Metropolitan News-Enterprise

 

Tuesday, May 18, 2004

 

Page 1

 

S.C. Voids Permissive User Limitation in Auto Insurance Policy

 

By a MetNews Staff Writer

 

An auto insurance policy endorsement used by one of the state’s largest auto insurers, limiting coverage for permissive users to the statutory minimum, was insufficiently conspicuous to be valid, the state high court ruled yesterday.

In a 6-1 decision, the justices agreed with a Fourth District Court of Appeal panel that Joshua Haynes’ declaratory judgment action against Farmers Insurance Exchange was erroneously dismissed.

Haynes is the plaintiff in a separate suit against the driver and owner of a vehicle in which Hayes alleges he was injured in an accident caused by the driver’s negligence. Haynes brought the declaratory action after Farmers insisted in discovery that the maximum coverage for the accident is $15,000, rather than the $250,000 that would have applied if the owner were operating the vehicle.

Not ‘Conspicuous’

Justice Kathryn M. Werdegar, writing for the high court, said the coverage limitation in the 39-page “E-Z Reader Car Policy” failed to adequately inform the insured that he had less coverage if the car was operated by a permissive user. Since the insured had a reasonable expectation that the coverage would be the same, the lack of a “conspicuous, plain, and clear” statement to the contrary renders the limitation invalid, the justice added.

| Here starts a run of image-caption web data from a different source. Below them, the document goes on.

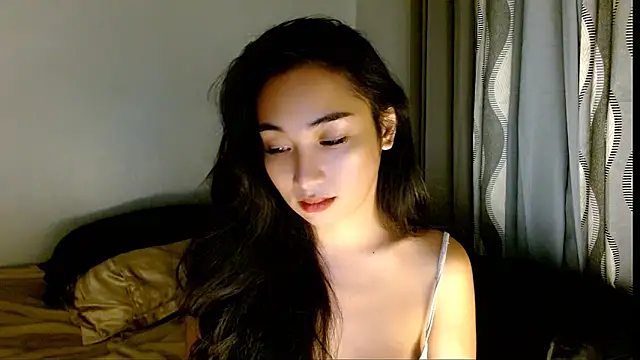 SweetLilly 18 online show from 27, 3, 2026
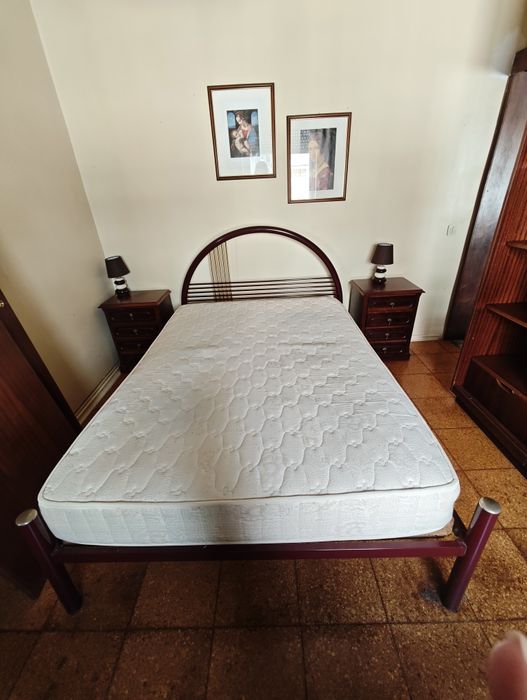 Cama de Casal +colchão +2 Mesas de Cabeceira+candeeiros (Retirada no local)
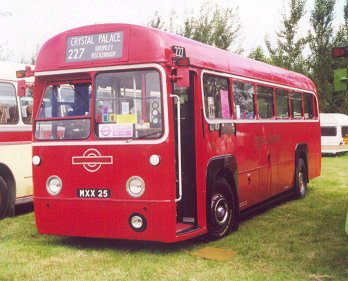 RF383 at Lingfield Show, August 2000
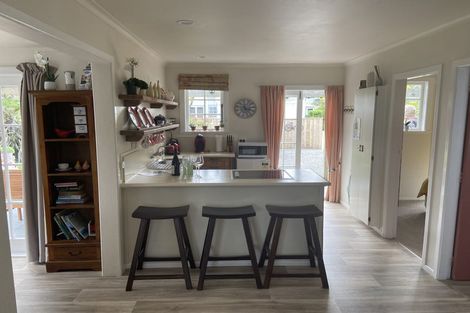 Photo of property in 12a Oxford Street, Martinborough, 5711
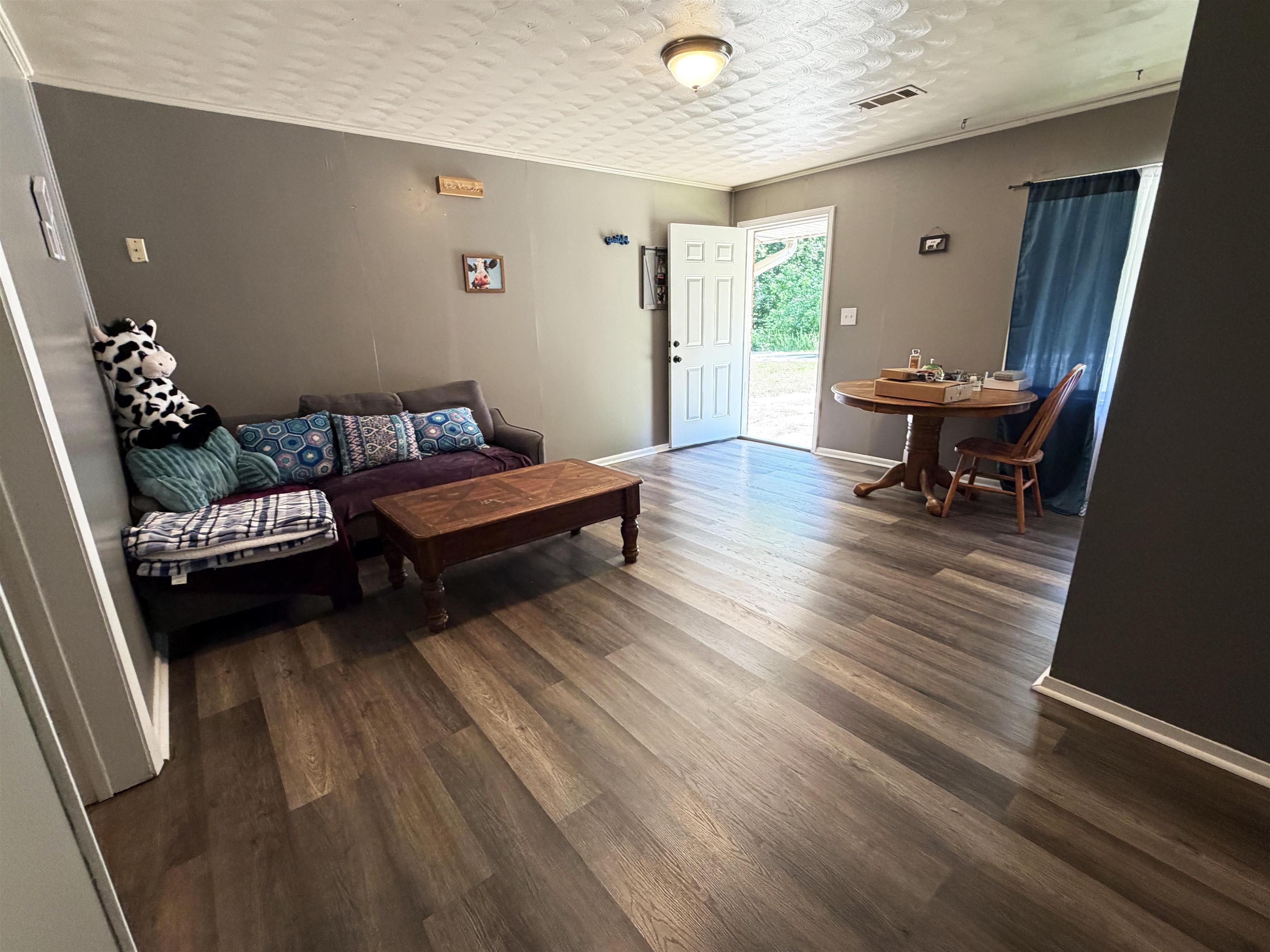 PIONEER PARK - Residential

The policy, the justice explained, lists the limitation on its declarations page, along with other endorsements, by number only. Nothing on that page explains what “S9064,” the number applied to the permissive-user limitation, or any of the other numbers, means, Werdegar said.

To learn what “S9064” means, the justice explained, one must go forward 23 pages.

To meet the conspicuousness requirement, Werdegar explained, there should have been language on the declarations page that would have alerted the insured that coverage for permissive users would be limited to “amounts less than the policy coverages prominently displayed in specific dollar amounts on that same page.” The language of the endorsement itself, she said, should have been, in the words of an earlier case, “bolded, italicized, enlarged, underlined, in different font, capitalized, boxed, set apart, or in any other way distinguished from the rest of the fine print.”

Baxter Dissent

The lone dissenter, Justice Marvin Baxter, said the policy at issue was not unusual in incorporating preprinted endorsements identified on the declarations page. The permissive-user endorsement, he said, “is plain and clear,” regardless of its location.

The justice argued:

“In determining whether an insurance policy provides reasonable notice of a lawful limiting provision, we assume the insured reads the entire policy,” Baxter argued.

He also disagreed with the majority’s conclusion that the lack of a definition of “permissive user” was fatal to the endorsement.

Baxter wrote:

“[T]the fact that a term is not defined in the policy does not render it ambiguous... Nothing about the term, moreover, suggests that the average insured would have difficulty understanding its likely application in situations where, as here, the insured grants a friend permission to use his or her car.  Contrary to the majority’s suggestion otherwise, the permissive user provision is not ambiguous in the context of the policy or the circumstances at issue.:

The case was argued in the high court by Jean Ballantine of Los Angeles for the plaintiff, Sharon J. Arkin of Newport Beach’s Robinson, Calcagnie & Robinson for Consumer Attorneys of California, amicus for the plaintiff, and Daniel J. Gonzalez of Encino’s Horvitz & Levy for Farmers.

The case is Haynes v. Farmers Insurance Exchange, 04 S.O.S. 2490.